I have bought a few more books to study the work of William Butler Yeats.

Our Secret Discipline
Helen Vendler
ISBN: 9780674026957

The Cambridge Introduction to W. B. Yeats
David Holdeman
ISBN: 9780521547376

The Cambridge Companion To W. B.  Yeats
edited by Marjorie Howes and John Kelly
ISBN: 9780521658867

Yeats and the Occult
edited by George Mills Harper
ISBN: 0-7705-1308-5

Of these books, Our Secret Discipline is particularly interesting because it provides a detailed analysis of the lyric forms Yeats used for his poems. For a writer this examination of his word choices and style is invaluable. Yeats does need an introduction or companion guide to provide the context for his use of Irish myths and Renaissance art. In analyzing his poems I frequently need to look up some obscure references. But I doubt that these two books I bought will help much with that.

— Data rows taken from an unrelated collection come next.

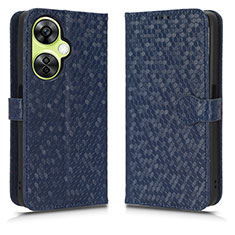 Funda de Cuero Cartera con Soporte Carcasa C01X para OnePlus Nord CE 3 5G Azul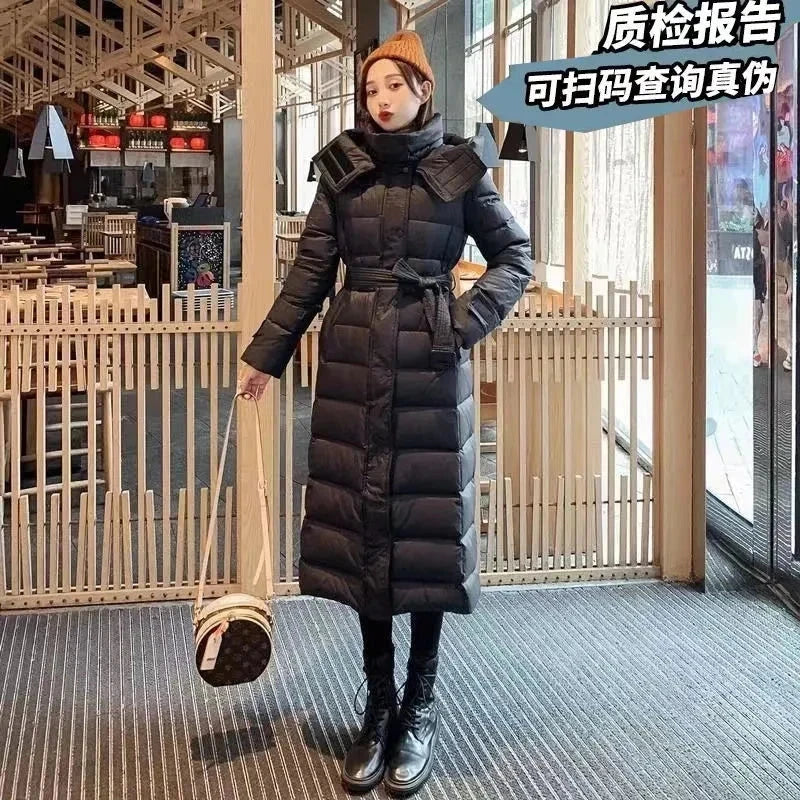 Black duck down Hooded Coats Winter 2025 New Fashion Women's GlowCart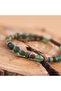 Shah Maqsood Men’s Bracelet, Afghan Turquoise & Jade Stone Beaded Bracelet, Handmade Adjustable Jewelry - 6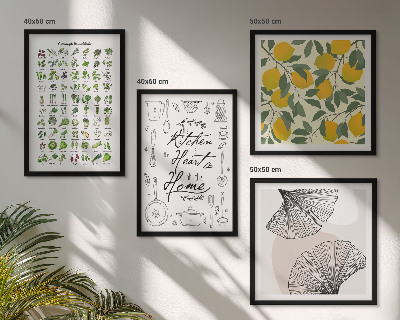 Polittico con cornice pittura al limone di Kitchenhers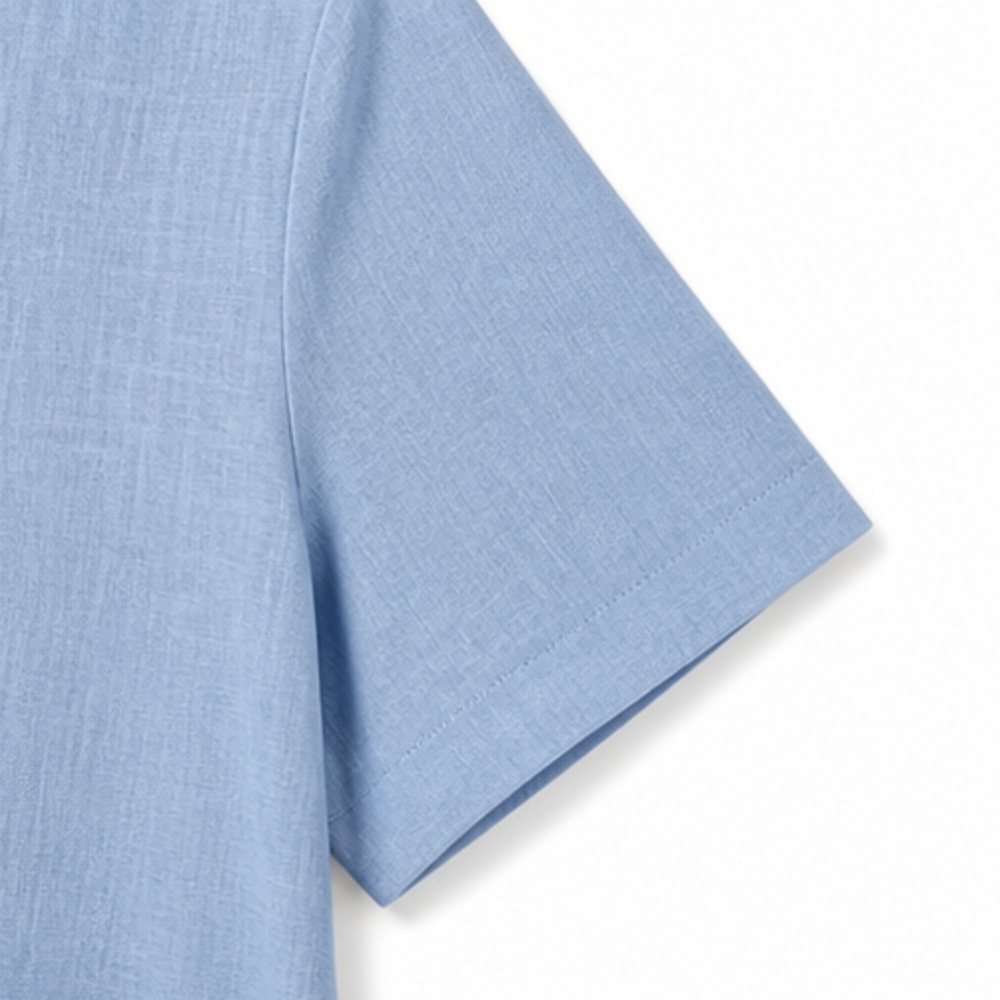 Cotton Linen Midi Dress - Comfortable Everyday Dress for Women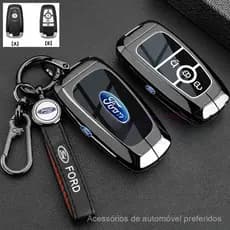 Capa Protetora de Chave Remota de Carro em Liga de Zinco para Ford Everest 2023 2024 2025/Ranger (2022-2023) Porta-Chave
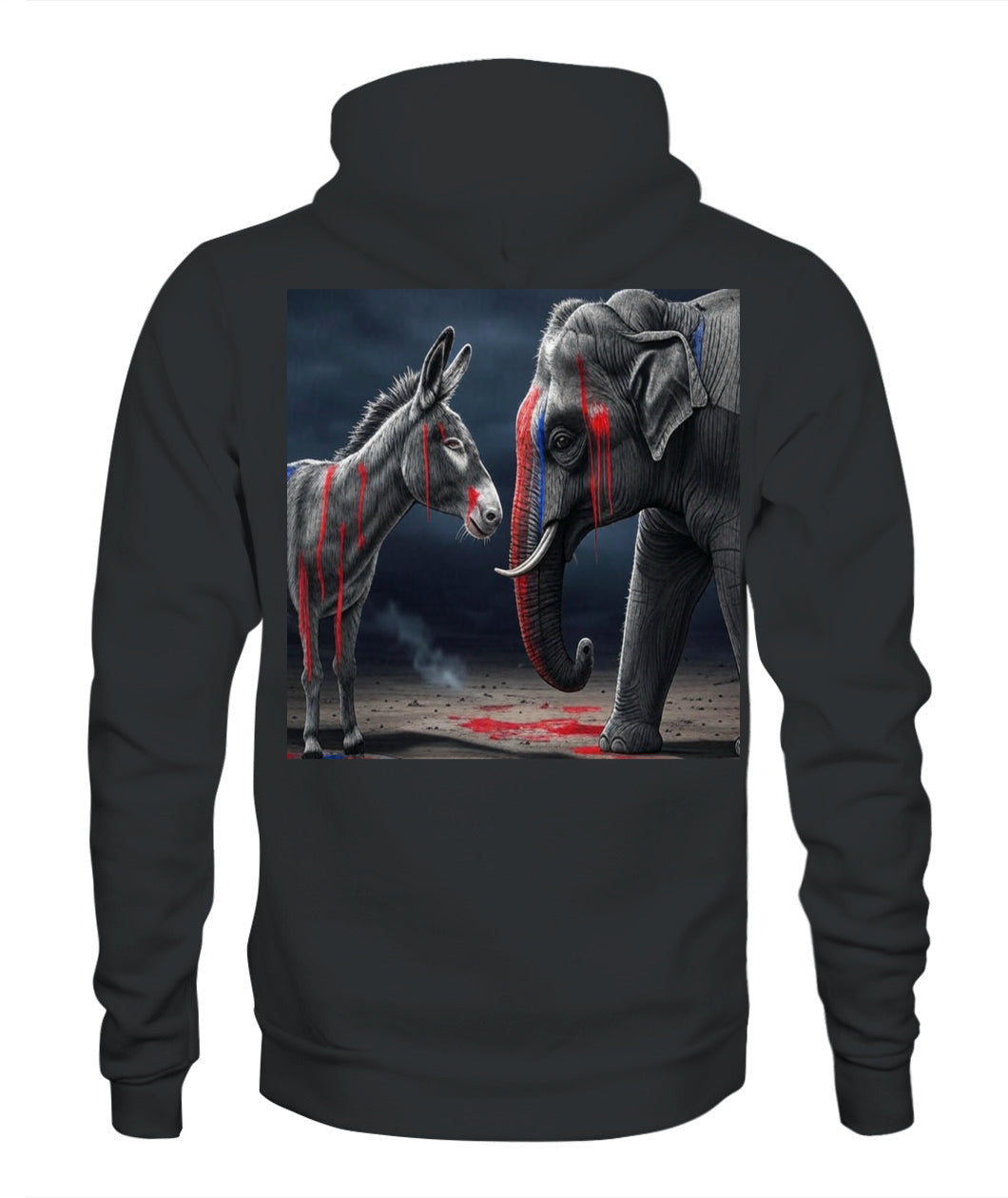 🔥 "Divided We Fall" Civil War Warning Hoodie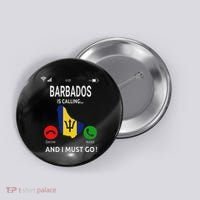 Barbados Is Calling Barbados Flag Vacation Barbados Button thumb 0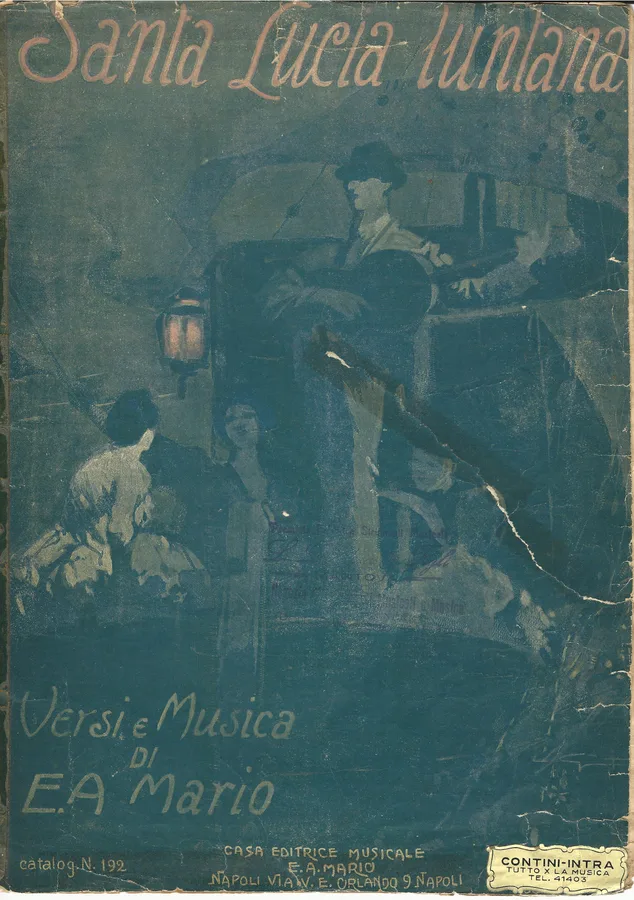 Cover for E.A. Mario | Santa Lucia Luntana | Piano | Vocals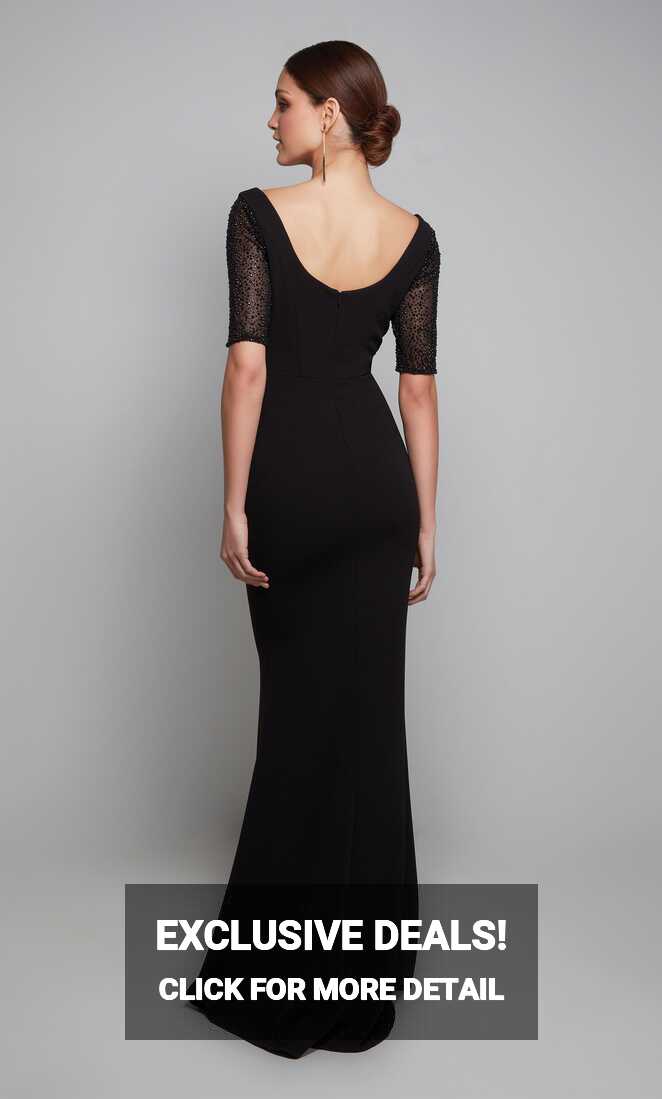 Formal Dress: 27628. Long, Scoop Neck, Straight, Closed Back ...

A study of William Butler Yeats’ work can branch out into many other directions. I have discovered that he probably got his knowledge of the Italian Renaissance from the books of Walter Pater. So I have ordered a copy of The Renaissance: Studies in Art and Poetry by Walter Pater. Although this is quite a diversion from my main interests it seems this book was very influential in forming the aesthetic tastes of the time. Yeats was heavily influenced by the poetry of Percy Bysshe Shelley and probably read Edward Dowden’s biography of the poet, The Life of Percy Bysshe Shelley. I bought a very old copy of this book published in 1920 so it is old enough to have been around when Yeats was still alive.

I also bought an obscure novel by an actress Yeats knew, Florence Farr. Her novel The Dancing Faun is clearly an imitation of Oscar Wilde’s The Picture of Dorian Gray as she tries to display the same sort of wit. I will review this novel soon since I have now read it.